Scene Report: Press Preview for The Metropolitan Museum of Art Costume Institute’s “Karl Lagerfeld: A Line of Beauty”

The gala itself is as exclusive as it gets. The after-parties are refracted in a series of tipsy party reports. So what about the press conference for the exhibition at the Costume Institute of The Metropolitan Museum, the first time that one can get eyeballs on the exhibition that fuels fashion’s biggest night? On Monday morning, the rubbernecking crowds had already picked their places outside, squatting by The Met’s steps hours before for the chance to see Dua Lipa in Chanel and Jared Leto in cat regalia, and docents at work early to lead the special few on a circuitous route through the museum to the American sculpture wing. Director Max Hollein began remarks promptly at 9:30, and explained that he first met Karl Lagerfeld as a young boy, after he collaborated with his father, the Pritzker Prize–winning architect Hans Hollein.
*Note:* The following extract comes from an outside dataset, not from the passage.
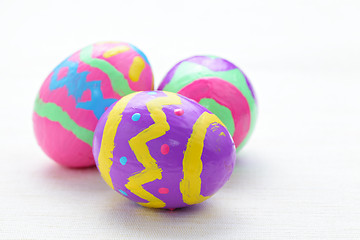 Image showing hand painted easter eggs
“Karl bridged the gap between art and commerce with sophistication,” Hollein the younger said at the press conference. 

Up next was Lagerfeld muse Carla Bruni, the former first lady of France. She said Lagerfeld had a somewhat prickly reputation that he himself certainly supported, but deep down he was a softy. 

“He had a bewitching charm and wicked sense of humor,” Bruni said. “But it is his kindness I remember most. I am so sorry for this, Karl.”

After Condé Nast CEO Roger Lynch gave the final remarks (hi, boss!) the masses were let in, the Euro journos hauling big pallets of photo gear. All the classics were there, and there’s even some of Lagerfeld’s own gear on display. And that is why a pair of sunglasses by Chrome Hearts is now in the permanent collection of The Metropolitan Museum of Art.